Many real-world systems utilize graphs that are time-varying in nature, where edges appear and disappear with respect to time. Moreover, the weights of different edges are also a function of time. Various conventional graph algorithms, such as single source shortest path (SSSP) have been developed for time-varying graphs. However, these algorithms are sequential in nature and their parallel counterparts are largely overlooked. On the other hand, parallel algorithms for static graphs are implemented as ordered and unordered variants. Unordered implementations do not enforce local or global order for processing tasks in parallel, but incur redundant task processing to converge their solutions. These implementations expose parallelism at the cost of high redundant work. Relax-ordered implementations maintain local order through per-core priority queues to reduce the amount of redundant work, while exposing parallelism.

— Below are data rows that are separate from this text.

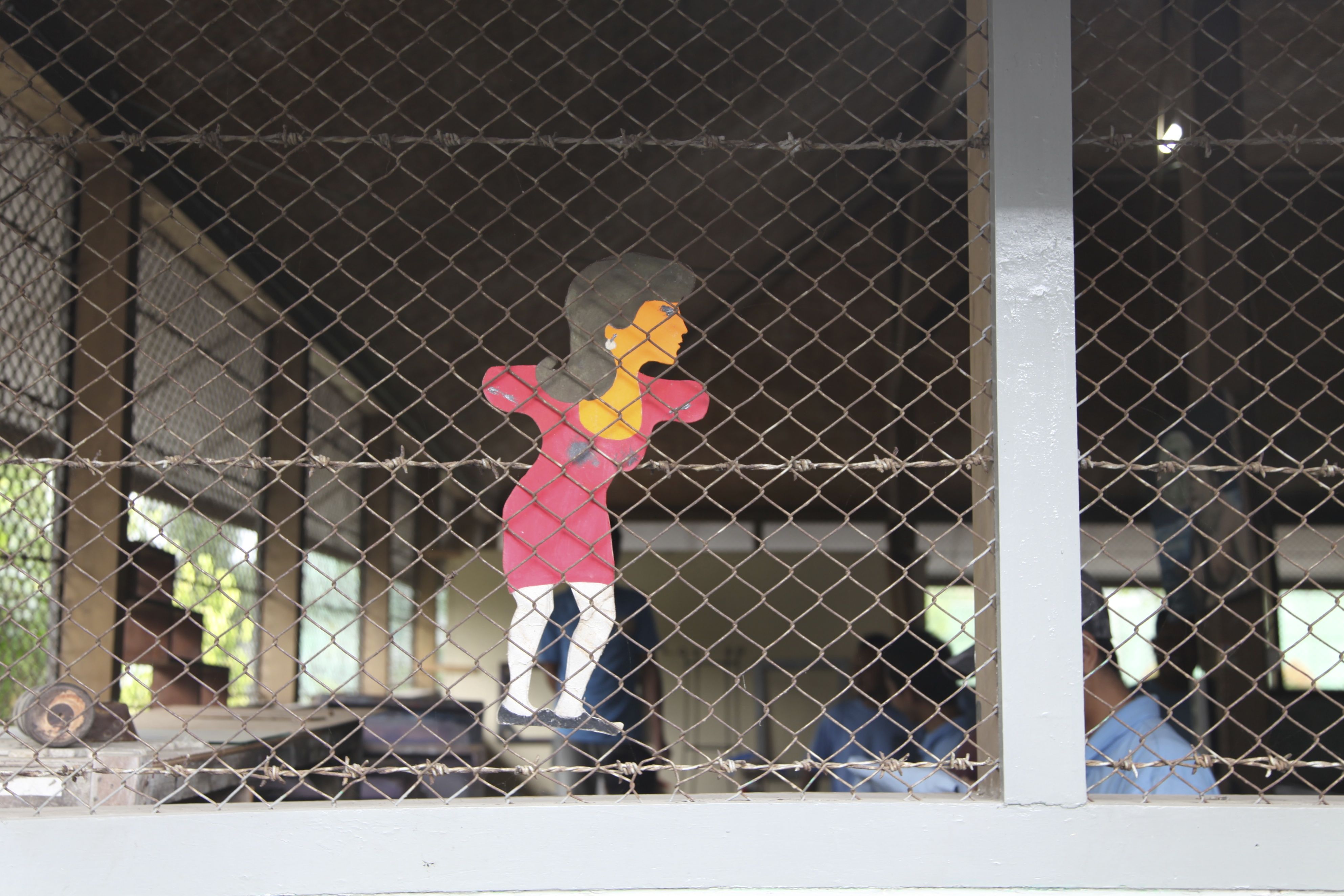 Caption: A stencil of a woman adorns the men’s workshop at Wirogunan prison, reminding inmates of the outside world -  Nikki Edwards Incarceration in Indonesia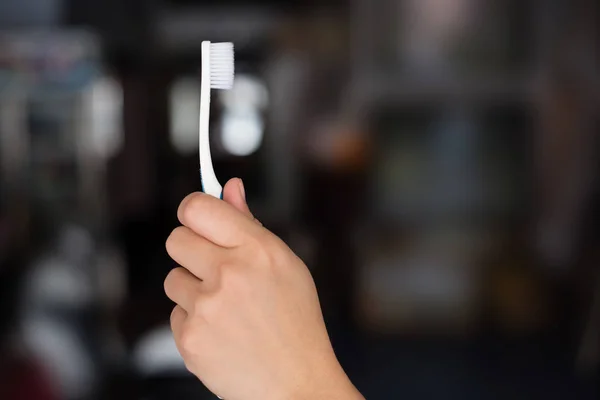 Woman hand holding white toothbrush. — Stock Photo, Image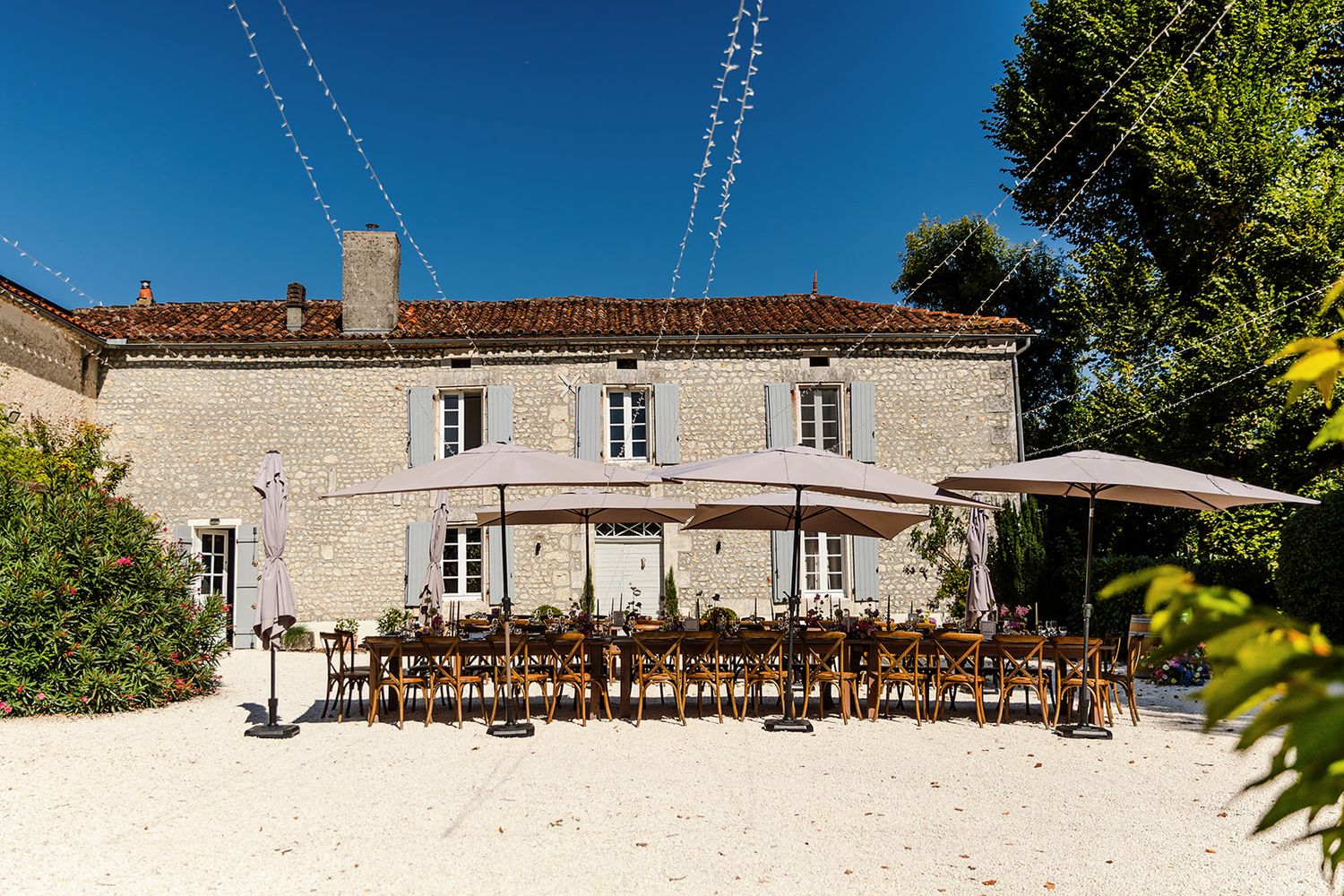 A panoramic view of a rustic French countryside estate with stone buildings and lush gardens.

Finally, strict-ordered implementations achieve the work efficiency of sequential version by enforcing a global order at the expense of high thread synchronizations. These parallel implementations are adopted for temporal graphs to explore the choices that provide optimal performance on different parallel accelerators. This work shows that selecting the optimal parallel implementation extracts geometric performance gain of 46.38% on Intel Xeon-40 core and 20.30% on NVidia GTX-1080 GPU. It is also shown that optimal implementation choices for temporal graphs are not always the same as their respective static graphs.